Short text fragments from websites
--
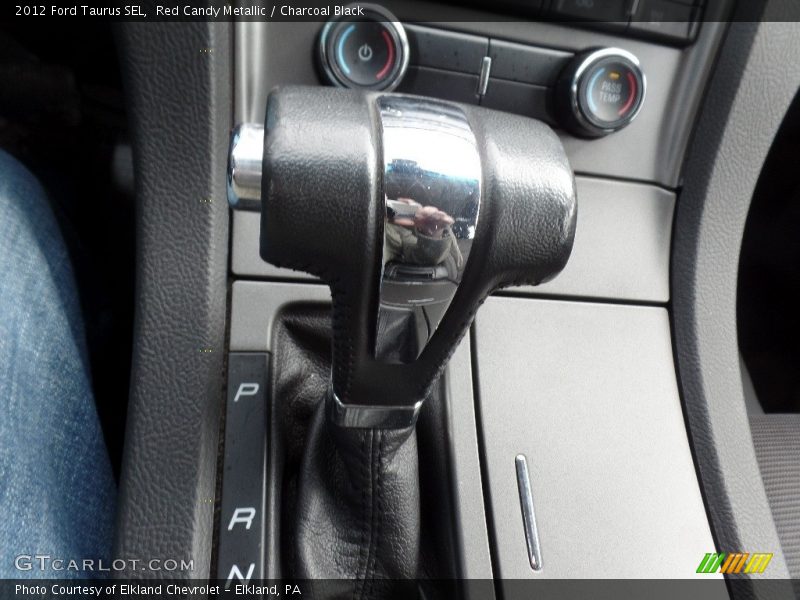 Red Candy Metallic / Charcoal Black 2012 Ford Taurus SEL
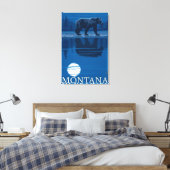 Toile Ours au clair de lune - Montana (Insitu(Chambre))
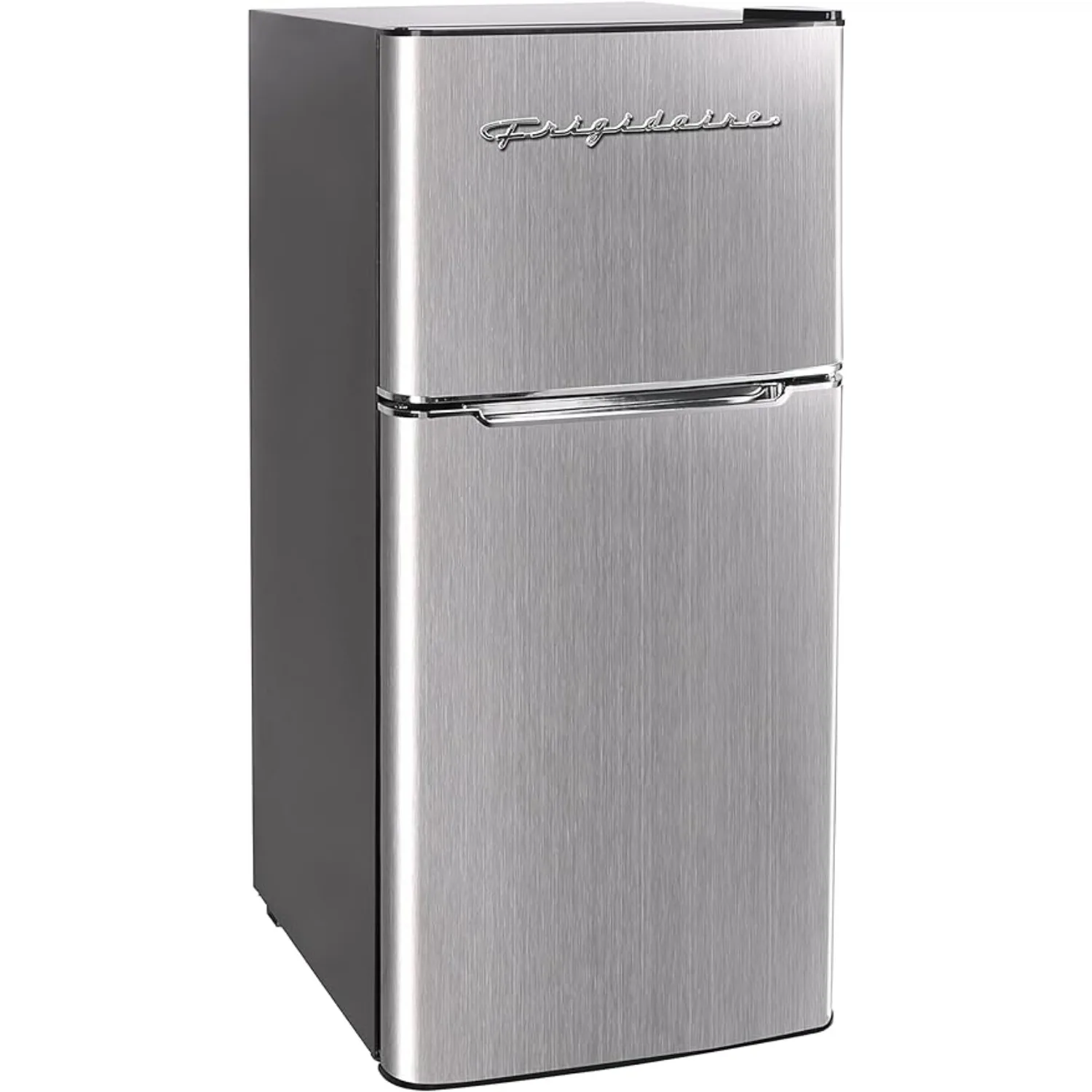 

Холодильник/морозильник Frigidaire EFR451 с 2 дверцами, 4,6 куб. Футов, платиновая серия, нержавеющая сталь, двойной
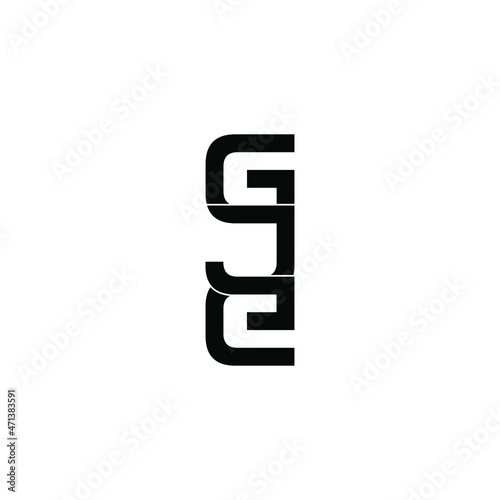 gje initial letter monogram logo design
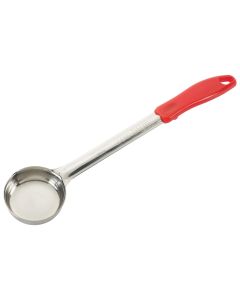 Winco FPS-2 2 oz Solid Food Portioner | Red Handle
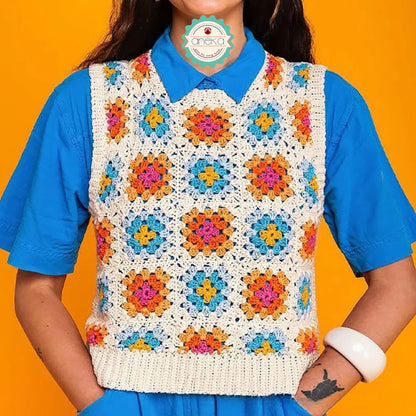 ANEKA - Granny Squares Crochet Deck / Pattern  Design Booklet / Pola Rajutan Kotak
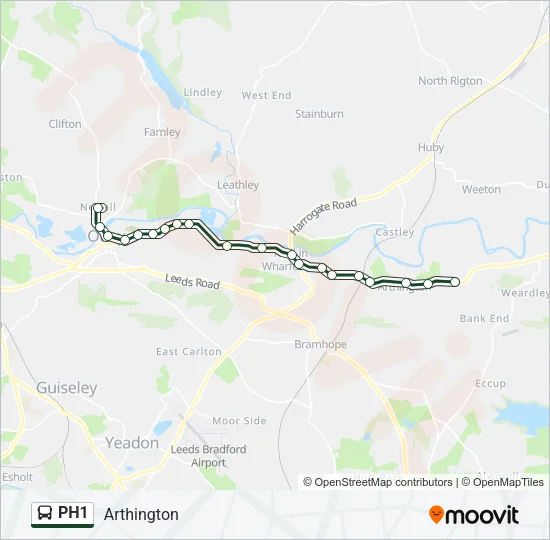 PH1 Bus Line Map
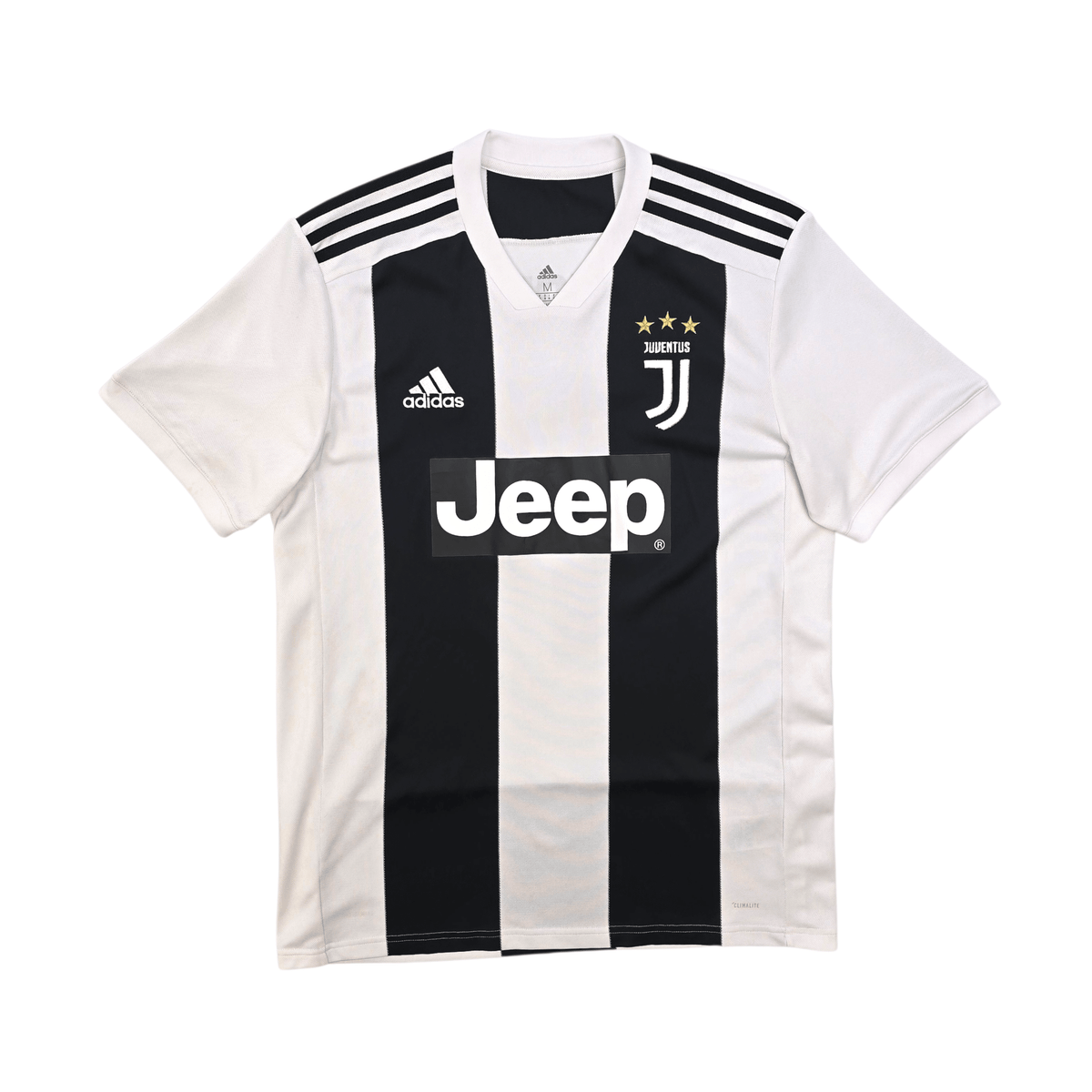 2018/19 Juventus Home Football Shirt (M) Adidas 7 Ronaldo - Football Finery - FF302964
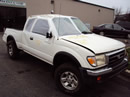 1999 TOYOTA TACOMA EXTRA CAB, TRD PACKAGE, V6 , AUTOMATIC TRANSMISSION, COLOR WHITE, STK#T10281  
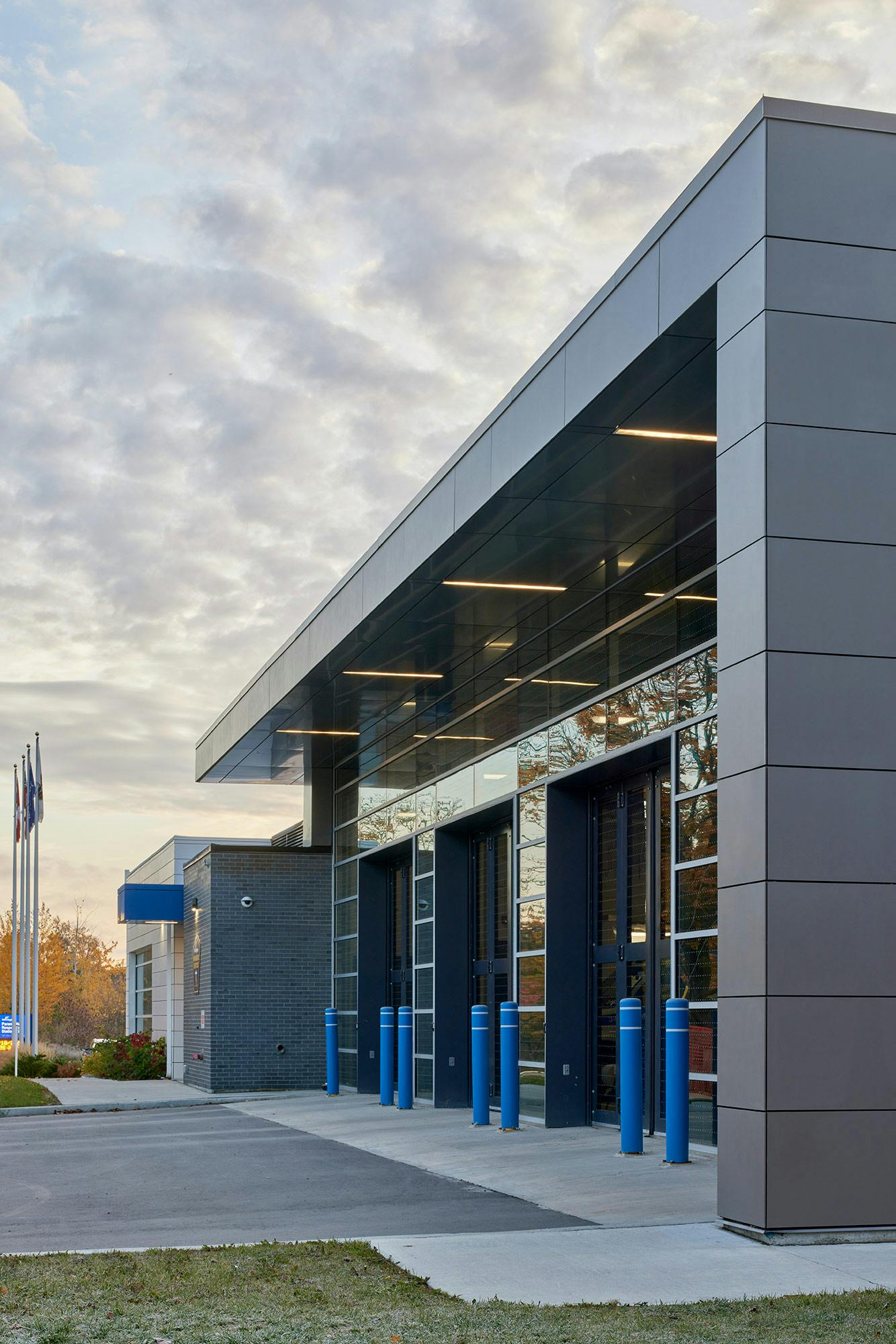 Image number 35 of the current section of Dekton clads the facade of a York Paramedic Station in Cosentino Ireland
--
Retype all entries exactly; omit pictures.

THE COMPLETED TASK
 Red Candy Metallic / Charcoal Black 2012 Ford Taurus SEL
 Toile Ours au clair de lune - Montana (Insitu(Chambre))

Холодильник/морозильник Frigidaire EFR451 с 2 дверцами, 4,6 куб. Футов, платиновая серия, нержавеющая сталь, двойной
 gje initial letter monogram logo design
 Winco FPS-2 2 oz Solid Food Portioner | Red Handle
 ANEKA - Granny Squares Crochet Deck / Pattern  Design Booklet / Pola Rajutan Kotak
 PH1 Bus Line Map
 2018/19 Juventus Home Football Shirt (M) Adidas 7 Ronaldo - Football Finery - FF302964
 1999 TOYOTA TACOMA EXTRA CAB, TRD PACKAGE, V6 , AUTOMATIC TRANSMISSION, COLOR WHITE, STK#T10281  
 Image number 35 of the current section of Dekton clads the facade of a York Paramedic Station in Cosentino Ireland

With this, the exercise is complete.